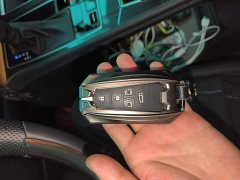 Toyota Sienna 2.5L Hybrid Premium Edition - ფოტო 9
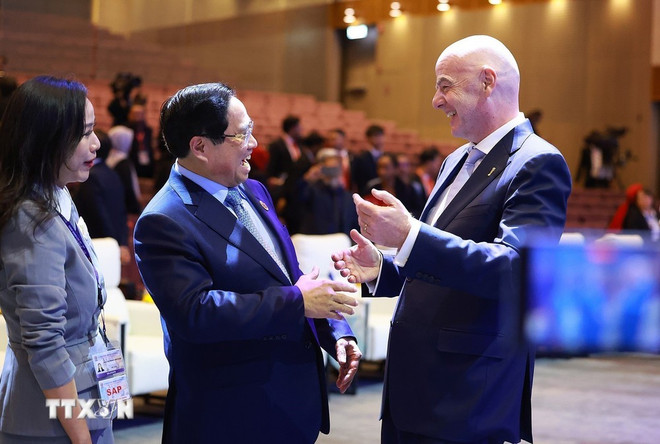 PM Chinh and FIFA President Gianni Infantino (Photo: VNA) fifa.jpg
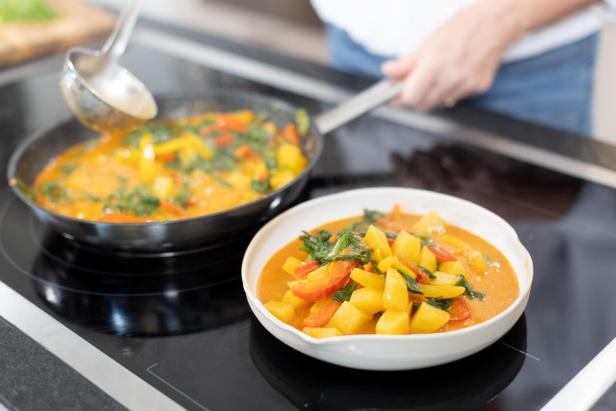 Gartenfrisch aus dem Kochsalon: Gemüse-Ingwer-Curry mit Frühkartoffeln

Directions for this task | Please copy the data shown above, line by line and exactly, omitting the images.

Exercise solution |
 Toyota Sienna 2.5L Hybrid Premium Edition - ფოტო 9
 PM Chinh and FIFA President Gianni Infantino (Photo: VNA) fifa.jpg
 Gartenfrisch aus dem Kochsalon: Gemüse-Ingwer-Curry mit Frühkartoffeln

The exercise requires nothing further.